期待と共に起床するが、明け方の空はどんより曇っている。こりゃ今日の日食は拝めないなと思っていたが、7時に近づく頃から次第に晴れ始め、くっきりと食の形が視認できるようになった。Yはもちろん普段ねぼすけの和子も起き出し、階下のじいじばあばも一緒に玄関先の駐車場に出て東の空を見つめる。A子が苦労して手に入れた観測用グラスが大活躍、周囲の景色も次第に夕暮れのようなトワイライトに染まっていって不思議な感覚に包まれる。そして7時31分ごろ、完全な金環食が確認できた。木漏れ日まで食の形を表しているなんて初めて知った。この年になっても人生初物はいろいろあるものだ。

それにしても今回はA子のイベント力をまざまざと見せつけられた感じだ。面倒くさがり屋の俺だけだったら、出勤途中にちょいと空を仰いで「ああ見れた見れた」で終わってしまっただろうが、きちんと通学班にも個別登校を連絡し、観測グラスを用意し、前日のテレビ特集で観測のポイントをおさらいしていたA子のお陰で、この何十年(何百年?)に一度の天体ショーを、しっかりと堪能できた。何より子供たちにもきちんと見せてあげられたのが良かったと思う。まだ詳しくは分からないだろうが、大きくなっても一家で空を仰いだ記憶は残ってくれるのではないかな。

朝食は納豆・豆腐とわかめの味噌汁・竹輪と人参さやえんどうの煮もの。昼は緑のたぬき。夜は野菜どっさりのちゃんぽん麺(具は人参・キャベツ・ピーマン・シメジ・モヤシ・さやえんどう・豚バラ・カマボコ)。今朝は学校で観測しようと思ったか、いつもより早い時間に登校している生徒が多い。授業の合間にテスト問題作成。部活は自主練にしてあるが、それなりに参加して取り組んでいるようだ。明日から定期テスト。
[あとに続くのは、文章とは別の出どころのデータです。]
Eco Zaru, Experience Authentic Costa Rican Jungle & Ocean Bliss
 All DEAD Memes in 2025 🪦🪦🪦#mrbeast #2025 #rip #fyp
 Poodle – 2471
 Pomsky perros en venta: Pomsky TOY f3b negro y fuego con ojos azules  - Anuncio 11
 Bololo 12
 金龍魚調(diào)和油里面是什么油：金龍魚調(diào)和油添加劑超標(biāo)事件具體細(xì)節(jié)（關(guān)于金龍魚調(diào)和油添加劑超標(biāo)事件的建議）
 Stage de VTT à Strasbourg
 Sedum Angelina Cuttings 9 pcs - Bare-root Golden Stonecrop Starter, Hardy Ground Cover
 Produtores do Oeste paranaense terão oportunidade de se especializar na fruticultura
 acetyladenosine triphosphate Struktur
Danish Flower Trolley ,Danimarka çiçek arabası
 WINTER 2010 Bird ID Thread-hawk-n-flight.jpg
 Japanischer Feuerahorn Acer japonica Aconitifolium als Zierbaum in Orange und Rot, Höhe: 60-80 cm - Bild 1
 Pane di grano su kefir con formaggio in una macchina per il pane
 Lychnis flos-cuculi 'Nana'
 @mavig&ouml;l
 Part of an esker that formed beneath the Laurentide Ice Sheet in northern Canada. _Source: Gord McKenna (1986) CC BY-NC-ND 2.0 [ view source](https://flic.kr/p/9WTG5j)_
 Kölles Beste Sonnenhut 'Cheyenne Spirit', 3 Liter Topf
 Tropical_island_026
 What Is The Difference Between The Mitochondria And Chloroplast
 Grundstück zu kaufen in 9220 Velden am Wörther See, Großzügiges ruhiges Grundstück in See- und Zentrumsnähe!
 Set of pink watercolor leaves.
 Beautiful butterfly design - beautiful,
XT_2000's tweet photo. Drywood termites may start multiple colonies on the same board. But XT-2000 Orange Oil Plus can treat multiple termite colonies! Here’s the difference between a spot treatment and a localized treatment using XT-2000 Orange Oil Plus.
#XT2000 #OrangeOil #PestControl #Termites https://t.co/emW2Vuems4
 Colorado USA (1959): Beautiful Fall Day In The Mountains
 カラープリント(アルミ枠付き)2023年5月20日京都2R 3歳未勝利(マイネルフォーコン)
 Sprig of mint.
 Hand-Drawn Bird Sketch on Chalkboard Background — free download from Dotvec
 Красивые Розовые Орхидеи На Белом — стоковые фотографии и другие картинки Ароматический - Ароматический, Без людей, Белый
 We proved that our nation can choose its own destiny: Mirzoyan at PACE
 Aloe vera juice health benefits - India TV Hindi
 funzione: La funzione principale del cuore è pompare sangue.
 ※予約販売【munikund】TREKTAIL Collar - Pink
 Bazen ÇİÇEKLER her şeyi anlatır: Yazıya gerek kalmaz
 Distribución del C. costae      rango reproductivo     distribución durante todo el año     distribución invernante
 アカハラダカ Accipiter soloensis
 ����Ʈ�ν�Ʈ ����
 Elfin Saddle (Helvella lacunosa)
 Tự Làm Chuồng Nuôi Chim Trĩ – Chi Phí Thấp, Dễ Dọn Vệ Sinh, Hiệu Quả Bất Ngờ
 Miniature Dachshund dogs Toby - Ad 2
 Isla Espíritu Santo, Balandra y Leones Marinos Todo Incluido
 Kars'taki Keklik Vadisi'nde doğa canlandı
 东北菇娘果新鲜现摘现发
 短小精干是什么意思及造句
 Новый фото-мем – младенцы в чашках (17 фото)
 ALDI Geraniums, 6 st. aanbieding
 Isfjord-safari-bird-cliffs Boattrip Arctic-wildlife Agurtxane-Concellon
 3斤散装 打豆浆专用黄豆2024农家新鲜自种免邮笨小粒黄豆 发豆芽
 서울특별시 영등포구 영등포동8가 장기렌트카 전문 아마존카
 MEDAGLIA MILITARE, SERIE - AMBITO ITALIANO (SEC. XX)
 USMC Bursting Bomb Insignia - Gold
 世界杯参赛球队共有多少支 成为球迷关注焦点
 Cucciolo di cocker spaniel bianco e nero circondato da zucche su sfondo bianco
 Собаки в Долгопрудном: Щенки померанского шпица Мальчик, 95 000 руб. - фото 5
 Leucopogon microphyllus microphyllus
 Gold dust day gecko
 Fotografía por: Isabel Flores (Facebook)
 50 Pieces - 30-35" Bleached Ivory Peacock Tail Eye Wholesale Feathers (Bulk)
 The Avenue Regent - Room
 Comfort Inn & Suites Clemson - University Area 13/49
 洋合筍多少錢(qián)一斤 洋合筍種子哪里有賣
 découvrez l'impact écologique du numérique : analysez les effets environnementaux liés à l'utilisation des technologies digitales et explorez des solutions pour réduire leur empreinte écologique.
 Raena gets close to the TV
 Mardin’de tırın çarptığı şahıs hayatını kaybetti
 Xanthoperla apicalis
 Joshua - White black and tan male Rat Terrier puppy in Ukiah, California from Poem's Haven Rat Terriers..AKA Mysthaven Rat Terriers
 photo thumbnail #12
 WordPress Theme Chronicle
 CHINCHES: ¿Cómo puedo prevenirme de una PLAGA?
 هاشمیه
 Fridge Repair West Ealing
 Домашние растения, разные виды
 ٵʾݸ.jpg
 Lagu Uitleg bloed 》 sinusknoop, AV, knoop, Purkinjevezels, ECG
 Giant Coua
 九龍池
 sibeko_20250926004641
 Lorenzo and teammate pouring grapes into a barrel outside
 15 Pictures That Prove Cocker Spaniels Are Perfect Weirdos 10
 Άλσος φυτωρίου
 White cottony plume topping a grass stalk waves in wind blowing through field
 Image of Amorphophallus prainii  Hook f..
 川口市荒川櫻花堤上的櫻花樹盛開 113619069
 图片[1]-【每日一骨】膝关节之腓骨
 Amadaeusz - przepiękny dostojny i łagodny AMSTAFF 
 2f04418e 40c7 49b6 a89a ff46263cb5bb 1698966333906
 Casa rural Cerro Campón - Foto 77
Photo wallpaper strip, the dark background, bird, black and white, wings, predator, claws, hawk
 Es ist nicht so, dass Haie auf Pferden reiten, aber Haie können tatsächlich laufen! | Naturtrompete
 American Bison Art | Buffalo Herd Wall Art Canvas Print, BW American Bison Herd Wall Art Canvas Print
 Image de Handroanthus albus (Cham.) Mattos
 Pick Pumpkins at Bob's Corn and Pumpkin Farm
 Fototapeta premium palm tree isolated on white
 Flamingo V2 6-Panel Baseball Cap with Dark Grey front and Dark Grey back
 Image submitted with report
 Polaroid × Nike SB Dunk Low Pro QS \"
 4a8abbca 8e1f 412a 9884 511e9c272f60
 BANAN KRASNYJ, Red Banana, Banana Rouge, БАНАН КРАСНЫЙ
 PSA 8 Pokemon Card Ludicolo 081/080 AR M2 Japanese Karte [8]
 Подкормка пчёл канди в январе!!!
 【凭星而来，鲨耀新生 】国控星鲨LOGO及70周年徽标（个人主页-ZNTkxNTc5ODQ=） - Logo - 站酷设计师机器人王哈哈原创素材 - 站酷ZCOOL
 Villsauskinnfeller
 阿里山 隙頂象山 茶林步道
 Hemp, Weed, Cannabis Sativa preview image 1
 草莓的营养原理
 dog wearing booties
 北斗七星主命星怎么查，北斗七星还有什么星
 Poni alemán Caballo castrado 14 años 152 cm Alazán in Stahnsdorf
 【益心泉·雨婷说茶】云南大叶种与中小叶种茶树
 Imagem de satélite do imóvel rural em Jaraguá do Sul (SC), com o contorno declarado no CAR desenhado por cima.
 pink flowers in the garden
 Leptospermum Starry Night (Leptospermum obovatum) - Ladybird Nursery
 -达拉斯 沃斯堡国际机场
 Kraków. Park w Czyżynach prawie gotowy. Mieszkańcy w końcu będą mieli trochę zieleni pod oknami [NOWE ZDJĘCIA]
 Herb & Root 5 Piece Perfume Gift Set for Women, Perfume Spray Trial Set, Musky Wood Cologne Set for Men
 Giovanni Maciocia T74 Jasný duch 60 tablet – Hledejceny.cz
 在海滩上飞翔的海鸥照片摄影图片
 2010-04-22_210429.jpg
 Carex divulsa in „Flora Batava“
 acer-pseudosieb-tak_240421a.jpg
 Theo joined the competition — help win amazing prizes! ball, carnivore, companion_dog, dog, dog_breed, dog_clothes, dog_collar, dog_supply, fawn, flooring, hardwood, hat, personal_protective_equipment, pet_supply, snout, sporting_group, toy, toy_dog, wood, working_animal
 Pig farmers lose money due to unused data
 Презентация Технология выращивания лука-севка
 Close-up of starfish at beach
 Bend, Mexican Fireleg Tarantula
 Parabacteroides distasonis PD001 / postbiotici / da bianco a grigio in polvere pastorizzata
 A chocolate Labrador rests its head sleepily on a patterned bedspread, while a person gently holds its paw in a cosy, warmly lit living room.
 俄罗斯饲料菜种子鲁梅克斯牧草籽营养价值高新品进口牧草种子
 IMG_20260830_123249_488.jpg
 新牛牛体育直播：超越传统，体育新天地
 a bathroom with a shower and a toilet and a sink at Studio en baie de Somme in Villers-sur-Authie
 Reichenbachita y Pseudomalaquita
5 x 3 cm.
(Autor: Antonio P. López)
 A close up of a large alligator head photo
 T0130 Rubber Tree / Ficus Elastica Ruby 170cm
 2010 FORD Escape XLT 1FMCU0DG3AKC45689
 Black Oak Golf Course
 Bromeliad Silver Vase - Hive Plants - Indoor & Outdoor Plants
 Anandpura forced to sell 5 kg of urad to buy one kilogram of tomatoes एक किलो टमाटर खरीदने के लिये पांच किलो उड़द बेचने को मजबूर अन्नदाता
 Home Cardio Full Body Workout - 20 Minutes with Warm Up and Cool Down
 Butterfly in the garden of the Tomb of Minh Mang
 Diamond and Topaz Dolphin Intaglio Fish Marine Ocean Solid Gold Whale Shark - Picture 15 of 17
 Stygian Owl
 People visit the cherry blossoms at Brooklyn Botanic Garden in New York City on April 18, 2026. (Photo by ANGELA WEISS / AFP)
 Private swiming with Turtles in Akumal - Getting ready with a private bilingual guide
家に帰って夕食準備、片付け、風呂と歯磨き介助、テレビ付き合い。日常の部は俺がけっこう支えていることを不満に思うこともあるが、しかし今朝のようにA子の活躍を目の当たりにすると、適材適所という考えに落ち着く。彼女も日常に手を抜いているというわけではなく常に一生懸命なのだが、ちょっと平均的な家事一般には要領が悪いようだ。夜の子供たちお楽しみテレビは、今晩もシンケンジャー最終回。一体何回見れば気が済むのか。